Le tour de force est impressionnant. En 2016, le président russe a réussi à attirer une partie de l’opinion publique auparavant choquée par sa brutalité dans le Caucase, en Ukraine et en Syrie. Il transforme patiemment son image. Il rallie désormais les partisans d’une présidence forte. Les résolutions non contraignantes de l’Assemblée nationale (28 avril 2016) et du Sénat (8 juin 2016) soulignent que de nombreux parlementaires sont en train d’évoluer dans le sens d’un rapprochement avec la Russie. Victoire symbolique, deux des candidats majeurs de la présidentielle, François Fillon et Marine Le Pen font ouvertement campagne pour un rapprochement avec la Russie. En 2016, Vladimir Poutine a réussi à acquérir le statut de force politique française à part entière. De nombreuses voies reprennent en Frances des thèmes classiques du président russe : la défense de la chrétienté, la lutte contre le totalitarisme islamique ou encore le combat contre le déclin des valeurs traditionnelles.

En 2017, le poutinisme risque d’être à la mode en France. Que nos leaders politiques se gardent pourtant de faire de Vladimir Poutine un des candidats à la présidentielle.
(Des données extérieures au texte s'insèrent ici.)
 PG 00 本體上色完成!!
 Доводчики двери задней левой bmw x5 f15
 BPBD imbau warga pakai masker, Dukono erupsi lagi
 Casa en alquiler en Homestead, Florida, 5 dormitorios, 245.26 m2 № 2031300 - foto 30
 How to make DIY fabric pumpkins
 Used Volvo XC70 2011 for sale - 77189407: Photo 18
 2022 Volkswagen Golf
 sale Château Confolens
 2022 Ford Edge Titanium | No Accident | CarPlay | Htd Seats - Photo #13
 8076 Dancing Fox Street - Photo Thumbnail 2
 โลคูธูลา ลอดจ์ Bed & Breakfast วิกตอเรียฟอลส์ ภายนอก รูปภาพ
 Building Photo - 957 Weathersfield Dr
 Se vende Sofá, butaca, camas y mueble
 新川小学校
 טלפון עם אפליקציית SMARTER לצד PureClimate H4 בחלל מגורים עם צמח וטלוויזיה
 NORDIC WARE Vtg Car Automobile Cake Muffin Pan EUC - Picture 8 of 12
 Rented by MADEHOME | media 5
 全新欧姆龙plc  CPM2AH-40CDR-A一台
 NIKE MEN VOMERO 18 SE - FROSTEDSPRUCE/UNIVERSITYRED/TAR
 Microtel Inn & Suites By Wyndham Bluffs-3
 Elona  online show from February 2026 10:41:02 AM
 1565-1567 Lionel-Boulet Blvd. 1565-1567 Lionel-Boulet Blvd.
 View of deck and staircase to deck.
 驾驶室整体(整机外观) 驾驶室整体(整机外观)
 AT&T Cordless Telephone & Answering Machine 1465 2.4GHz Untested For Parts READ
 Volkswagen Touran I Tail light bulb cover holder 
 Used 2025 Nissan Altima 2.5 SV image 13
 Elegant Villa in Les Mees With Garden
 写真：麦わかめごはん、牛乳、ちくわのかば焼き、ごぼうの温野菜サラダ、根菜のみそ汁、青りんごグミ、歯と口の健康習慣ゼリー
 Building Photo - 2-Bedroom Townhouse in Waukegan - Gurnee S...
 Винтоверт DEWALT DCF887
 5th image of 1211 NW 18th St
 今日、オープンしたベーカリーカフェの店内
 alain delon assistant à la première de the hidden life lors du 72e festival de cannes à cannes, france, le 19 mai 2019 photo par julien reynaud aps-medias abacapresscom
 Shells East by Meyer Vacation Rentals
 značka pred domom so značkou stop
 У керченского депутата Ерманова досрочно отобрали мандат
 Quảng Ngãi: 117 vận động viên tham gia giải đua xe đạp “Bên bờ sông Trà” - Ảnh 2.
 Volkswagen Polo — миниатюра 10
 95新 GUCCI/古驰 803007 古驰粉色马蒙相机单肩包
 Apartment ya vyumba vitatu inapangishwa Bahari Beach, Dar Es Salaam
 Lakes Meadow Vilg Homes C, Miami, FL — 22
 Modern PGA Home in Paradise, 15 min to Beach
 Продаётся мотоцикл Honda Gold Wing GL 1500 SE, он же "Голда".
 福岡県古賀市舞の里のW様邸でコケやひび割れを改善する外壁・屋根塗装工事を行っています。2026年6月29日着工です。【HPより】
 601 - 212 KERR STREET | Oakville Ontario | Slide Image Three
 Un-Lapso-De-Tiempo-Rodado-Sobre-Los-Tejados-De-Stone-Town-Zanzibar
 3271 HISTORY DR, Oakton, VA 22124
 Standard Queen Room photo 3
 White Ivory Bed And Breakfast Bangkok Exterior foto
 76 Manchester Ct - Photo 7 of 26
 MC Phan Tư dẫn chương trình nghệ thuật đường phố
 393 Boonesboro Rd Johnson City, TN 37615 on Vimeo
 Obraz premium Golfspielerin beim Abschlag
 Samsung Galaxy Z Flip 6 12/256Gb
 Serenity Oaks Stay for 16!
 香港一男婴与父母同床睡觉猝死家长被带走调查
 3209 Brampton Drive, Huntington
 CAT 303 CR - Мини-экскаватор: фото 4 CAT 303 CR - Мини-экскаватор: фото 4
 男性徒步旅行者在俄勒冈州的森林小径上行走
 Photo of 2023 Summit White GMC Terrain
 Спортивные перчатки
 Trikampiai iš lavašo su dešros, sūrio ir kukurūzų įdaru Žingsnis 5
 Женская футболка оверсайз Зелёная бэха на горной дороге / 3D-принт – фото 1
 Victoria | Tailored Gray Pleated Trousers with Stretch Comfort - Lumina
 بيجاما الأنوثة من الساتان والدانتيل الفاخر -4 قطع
L’avantage qu’ils y trouvent est bien maigre : cela leur donne à peu de frais l’image d’hommes forts. Mais le modèle politique proposé par le Kremlin est bien plus pauvre et bien moins transposable à l’Europe qu’on l’affirme souvent. Mélange opportuniste entre conservatisme sociétal, autoritarisme politique, aventurisme géopolitique et amateurisme économique, le poutinisme n’est pas une offre politique cohérente. C’est un système de pouvoir en constante reconfiguration. Les hommes politiques français ne gagneront que le mépris du Kremlin à s’aligner sur les positions russes sans condition.

Les Européens sont prévenus. En 2017, la Russie a devant elle une série d’opportunités : remontée des cours du pétrole, évolutions des opinions publiques occidentales sur les sanctions, vacances du pouvoir relatives aux Etats-Unis, en France et en Allemagne, victoires militaires en Syrie. Mais la Russie ne sera pas insensible aux pressions occidentales : le président Poutine cherchera un triomphe électoral à l’automne. Pour le bâtir, il a besoin des Européens. Levée des sanctions, conclusion d’un accord politique en Syrie, promotion d’une ligne pragmatique à l’OTAN, réformes en Ukraine, etc. Dans tous ces domaines, le président russe a besoin des Européens. Ceux-ci doivent donc prendre conscience de leurs forces dans la relation avec la Russie. Et exploiter ces leviers de pression pour que 2017 ne soit pas seulement une année russe.